### Your goal
Your task is to copy every line of the entries that contains "White".
══════
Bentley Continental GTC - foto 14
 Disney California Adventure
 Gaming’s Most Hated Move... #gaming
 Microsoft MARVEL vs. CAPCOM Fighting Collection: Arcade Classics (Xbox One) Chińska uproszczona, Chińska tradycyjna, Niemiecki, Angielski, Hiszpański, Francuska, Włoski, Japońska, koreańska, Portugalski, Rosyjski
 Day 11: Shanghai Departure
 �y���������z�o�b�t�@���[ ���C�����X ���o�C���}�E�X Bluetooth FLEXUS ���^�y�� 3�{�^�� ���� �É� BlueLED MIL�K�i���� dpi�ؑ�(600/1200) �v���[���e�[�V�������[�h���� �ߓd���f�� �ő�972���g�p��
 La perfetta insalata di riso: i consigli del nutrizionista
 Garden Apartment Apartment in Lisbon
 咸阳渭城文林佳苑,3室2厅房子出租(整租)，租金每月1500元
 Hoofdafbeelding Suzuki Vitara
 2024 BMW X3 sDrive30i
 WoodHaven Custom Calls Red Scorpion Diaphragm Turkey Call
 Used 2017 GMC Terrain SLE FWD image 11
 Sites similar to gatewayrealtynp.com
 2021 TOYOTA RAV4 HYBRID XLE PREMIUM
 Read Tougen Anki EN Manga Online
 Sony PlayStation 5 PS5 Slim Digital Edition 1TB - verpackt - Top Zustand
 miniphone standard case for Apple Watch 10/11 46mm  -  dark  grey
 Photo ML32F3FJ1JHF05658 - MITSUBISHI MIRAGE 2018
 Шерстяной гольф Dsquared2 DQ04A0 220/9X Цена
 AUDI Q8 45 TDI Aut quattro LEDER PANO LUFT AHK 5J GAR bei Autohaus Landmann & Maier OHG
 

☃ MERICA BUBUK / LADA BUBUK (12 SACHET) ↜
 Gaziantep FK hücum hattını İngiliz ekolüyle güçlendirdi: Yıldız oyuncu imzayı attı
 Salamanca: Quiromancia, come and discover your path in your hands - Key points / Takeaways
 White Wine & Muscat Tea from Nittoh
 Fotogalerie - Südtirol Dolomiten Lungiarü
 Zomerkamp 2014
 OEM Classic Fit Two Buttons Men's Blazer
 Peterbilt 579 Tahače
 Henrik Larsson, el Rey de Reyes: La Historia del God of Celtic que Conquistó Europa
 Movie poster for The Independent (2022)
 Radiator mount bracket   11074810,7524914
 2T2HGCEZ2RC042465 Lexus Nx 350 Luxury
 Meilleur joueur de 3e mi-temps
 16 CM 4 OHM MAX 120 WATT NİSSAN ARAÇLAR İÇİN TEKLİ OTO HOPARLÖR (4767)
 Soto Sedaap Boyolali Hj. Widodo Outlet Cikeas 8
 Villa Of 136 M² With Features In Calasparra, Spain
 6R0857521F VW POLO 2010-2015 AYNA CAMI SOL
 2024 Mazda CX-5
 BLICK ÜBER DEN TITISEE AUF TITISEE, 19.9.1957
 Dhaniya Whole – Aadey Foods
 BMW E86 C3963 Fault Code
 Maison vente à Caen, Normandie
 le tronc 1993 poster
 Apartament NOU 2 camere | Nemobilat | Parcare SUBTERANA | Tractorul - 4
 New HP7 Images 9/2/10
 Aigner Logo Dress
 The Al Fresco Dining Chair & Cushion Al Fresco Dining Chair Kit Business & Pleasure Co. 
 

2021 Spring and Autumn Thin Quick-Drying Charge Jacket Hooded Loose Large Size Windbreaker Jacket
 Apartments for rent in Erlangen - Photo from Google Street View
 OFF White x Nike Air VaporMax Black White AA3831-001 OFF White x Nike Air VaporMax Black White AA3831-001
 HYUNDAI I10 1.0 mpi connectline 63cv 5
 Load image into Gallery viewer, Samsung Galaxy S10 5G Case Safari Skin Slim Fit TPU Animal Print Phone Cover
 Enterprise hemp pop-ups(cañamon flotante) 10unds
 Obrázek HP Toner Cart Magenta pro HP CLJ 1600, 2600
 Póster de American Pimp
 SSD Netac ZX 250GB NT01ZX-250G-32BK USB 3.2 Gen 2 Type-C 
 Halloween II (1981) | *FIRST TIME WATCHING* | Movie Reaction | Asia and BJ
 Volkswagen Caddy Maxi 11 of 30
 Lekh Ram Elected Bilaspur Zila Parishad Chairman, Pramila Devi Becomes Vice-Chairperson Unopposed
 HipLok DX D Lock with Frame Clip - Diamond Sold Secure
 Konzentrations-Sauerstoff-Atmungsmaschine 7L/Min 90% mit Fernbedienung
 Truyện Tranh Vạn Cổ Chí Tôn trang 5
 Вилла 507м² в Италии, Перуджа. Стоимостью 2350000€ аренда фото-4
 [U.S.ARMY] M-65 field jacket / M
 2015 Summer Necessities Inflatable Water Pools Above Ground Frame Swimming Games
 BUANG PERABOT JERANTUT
══════
### Exercise solution
 White Wine & Muscat Tea from Nittoh
 OFF White x Nike Air VaporMax Black White AA3831-001 OFF White x Nike Air VaporMax Black White AA3831-001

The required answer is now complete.